The fact that there is such a wealth of Skyrim content already available doesn’t help much – both in the vanilla release and in the ever growing library of mod content. And you really can’t undersell the power of that mod content either; the community work produced over the last six months easily outstrips most of this new Official content both in terms of quality and in quantity. Through mods you can add huge weapon packs, armour packs, perks, balancing, and a wealth of new features so if we’re going to look at the base words of either “Downloadable Content” or “Expansion” then there is absolutely no competition between the Steam Workshop combined with Skyrim Nexus and this chunk of premium game.

Unfortunately the bulk of Dawnguards new content is a trudge that largely fails to capitalise on a couple of could-be interesting characters and races. For starters the vampires – the selling point of the whole thing – are disappointing and generic, entirely failing to be anything other than just mages in unique light armour. And there’s no real engagement there either – like, you know how in Oblivion you had a series of bad dreams before you turned into a vampire, and how in Morrowind the assassins tried to murder you in your sleep? Forget all of that. Instead: “Do you want to be a vampire? Yes/No” and then semi-related quests that include a selection of crawls through overly long Falmer dungeons – and with the Falmer possibly being the least interesting race to fight it does not bode well.

Dawnguard - mood lighting

That the climax of what amounts to an added on guild quest line falls so very flat only exaggerates the problems that are either with Dawnguard or possibly every Elder Scrolls game to date too. What could have been a dramatic emotion fuelled fight ends up as a bit of dialogue, followed by an ordinary battle which your curated army decides randomly to not be interested in, and then some more emotionless dialogue to tie things up. You had a shot here, Bethesda. You set the stage for something amazing, but you gave up on it.

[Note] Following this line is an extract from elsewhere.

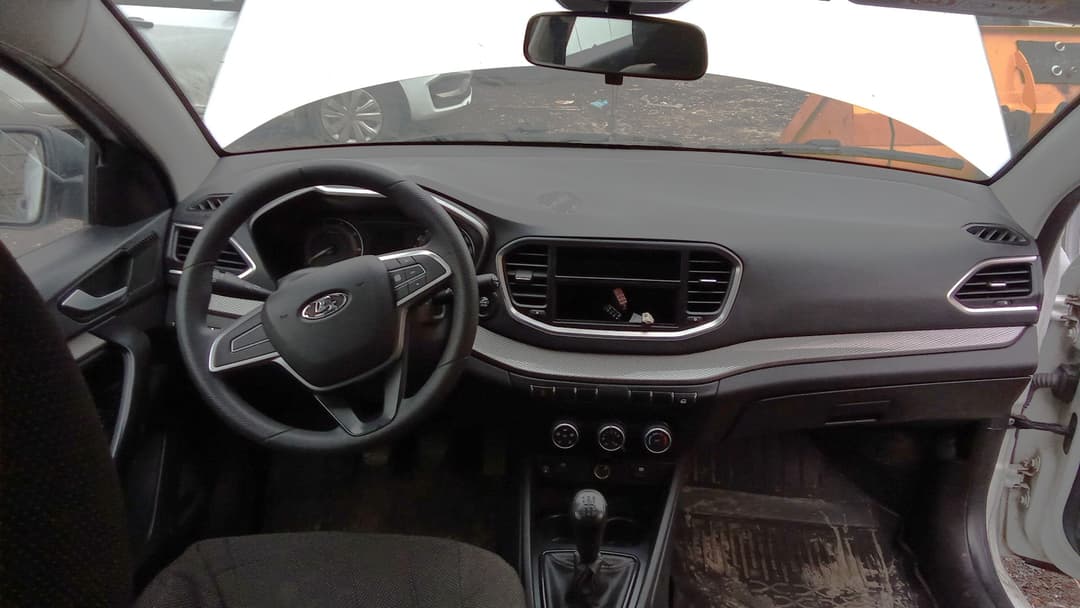 Lada Vesta седан - 5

Actually, that’s a theme throughout Dawnguard. If I had to speculate it would be that the Elder Scrolls “A team” threw around some concepts: ancient prophesy, vampire inter-family relations, amazing locations and a couple of surprising concepts, and then the “B team” came in to do the job. There are two whole castles here that go narratively unexplored, a wealth of characters that touch on interesting relationships without developing them and even whole races or creature types that don’t go beyond just existing. It’s a shame.

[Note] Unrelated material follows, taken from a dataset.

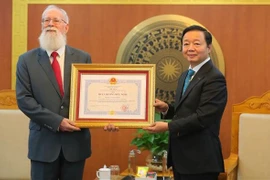 越南向澳大利亚志愿专家迈克·帕森斯授予友谊徽章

There are redeeming features percolating through though. An excellent, unique Dragon fight; staggering new areas (one of which is absolutely huge and Cyclopean); a twisted, fascinating introduction to the Vampires castle; a nice side quest regarding a sort-of-possessed mine and some surprising scripting make for some memorable moments. I can’t deny for a moment that my interest and entertainment has been piqued on several occasions, and maybe it’s just because the standards of Skyrim are so high that this this still feels disappointing.

Dawnguard - portal

Also,if you’re an Elder Scrolls super fan, there are a few lore heavy treats. In fact, meeting an old Morrowind character and having a lengthy conversation has been a Dawnguard highlight and if you’re the type that will actually read an in-game book then there’s some good stuff throughout. As with meeting one of the other ancient races, this stuff is great if you’re interested in The Elder Scrolls as a whole, but like I said – if you are then you’ve no doubt bought this already.

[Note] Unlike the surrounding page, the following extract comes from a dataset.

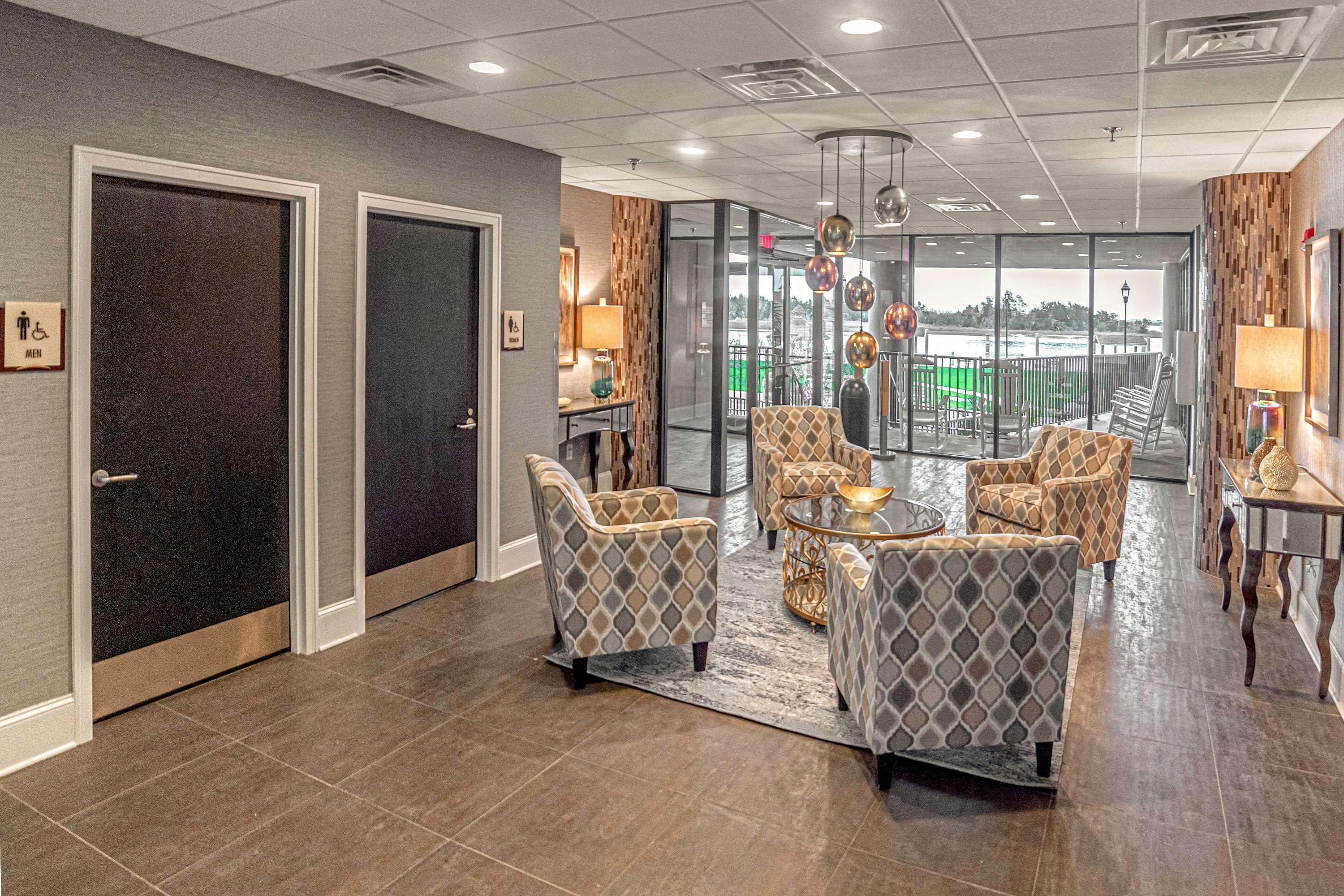 Bask Hotel At Big Rock Landing Morehead City Eksteriør bilde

When it comes right down to it, Dawnguard is a decent enough content pack that is eclipsed by Skyrims already colossal mass. Bethesda have figuratively put an arrow in their own knee  in that by doing such a good job in the first place, and then having a community willing to make it into an even better job, “more of the same” doesn’t quite cut it or feel like a requirement to anyone outside of the absolute inner circle of the fanbase – especially at £14. It’s worth noting too that I’ve had to delve into console commands to make a quest work and have noticed a large amount of obvious glitchyness. Give it a miss until it’s far cheaper or part of a GOTY pack.